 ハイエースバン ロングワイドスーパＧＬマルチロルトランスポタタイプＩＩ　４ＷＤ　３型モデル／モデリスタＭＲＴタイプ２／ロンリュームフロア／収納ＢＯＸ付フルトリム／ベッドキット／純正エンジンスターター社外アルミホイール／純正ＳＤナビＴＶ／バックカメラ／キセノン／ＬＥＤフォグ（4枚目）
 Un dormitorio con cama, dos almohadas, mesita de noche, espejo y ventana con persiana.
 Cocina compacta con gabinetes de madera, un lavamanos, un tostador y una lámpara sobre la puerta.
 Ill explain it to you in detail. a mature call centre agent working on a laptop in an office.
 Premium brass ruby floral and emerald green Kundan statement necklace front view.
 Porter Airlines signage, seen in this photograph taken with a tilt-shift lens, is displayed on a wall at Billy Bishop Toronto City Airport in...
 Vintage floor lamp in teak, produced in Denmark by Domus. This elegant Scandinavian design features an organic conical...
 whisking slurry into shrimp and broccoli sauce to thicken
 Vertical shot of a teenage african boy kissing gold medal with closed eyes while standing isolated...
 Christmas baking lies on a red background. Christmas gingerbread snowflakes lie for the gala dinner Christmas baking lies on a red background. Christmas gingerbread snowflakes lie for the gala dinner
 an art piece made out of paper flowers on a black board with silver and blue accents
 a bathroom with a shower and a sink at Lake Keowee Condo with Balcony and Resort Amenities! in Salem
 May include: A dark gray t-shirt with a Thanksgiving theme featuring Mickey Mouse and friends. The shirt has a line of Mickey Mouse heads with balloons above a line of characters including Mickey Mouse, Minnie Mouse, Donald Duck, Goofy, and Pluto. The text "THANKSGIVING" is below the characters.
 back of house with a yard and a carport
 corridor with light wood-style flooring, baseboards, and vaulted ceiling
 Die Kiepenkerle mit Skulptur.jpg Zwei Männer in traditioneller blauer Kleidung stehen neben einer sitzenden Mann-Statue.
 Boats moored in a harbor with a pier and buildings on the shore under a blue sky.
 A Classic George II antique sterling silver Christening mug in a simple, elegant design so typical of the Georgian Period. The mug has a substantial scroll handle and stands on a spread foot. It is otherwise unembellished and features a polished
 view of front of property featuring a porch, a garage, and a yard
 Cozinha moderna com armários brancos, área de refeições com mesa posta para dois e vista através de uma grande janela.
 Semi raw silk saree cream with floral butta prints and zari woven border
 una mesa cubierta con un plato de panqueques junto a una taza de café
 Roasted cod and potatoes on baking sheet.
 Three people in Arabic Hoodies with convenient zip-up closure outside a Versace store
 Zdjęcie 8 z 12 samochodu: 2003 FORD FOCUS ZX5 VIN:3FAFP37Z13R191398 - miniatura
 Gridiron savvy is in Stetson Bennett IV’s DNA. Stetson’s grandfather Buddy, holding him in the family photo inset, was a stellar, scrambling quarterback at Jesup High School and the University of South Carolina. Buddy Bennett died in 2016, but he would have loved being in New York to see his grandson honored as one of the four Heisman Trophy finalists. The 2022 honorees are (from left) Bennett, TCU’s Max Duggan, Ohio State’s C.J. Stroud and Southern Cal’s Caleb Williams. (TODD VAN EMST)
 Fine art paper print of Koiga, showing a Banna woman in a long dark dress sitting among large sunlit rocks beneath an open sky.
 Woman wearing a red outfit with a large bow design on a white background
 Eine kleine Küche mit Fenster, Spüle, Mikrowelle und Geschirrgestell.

Activity: Write out each line above with the word "front".

Task answer:
 Premium brass ruby floral and emerald green Kundan statement necklace front view.
 view of front of property featuring a porch, a garage, and a yard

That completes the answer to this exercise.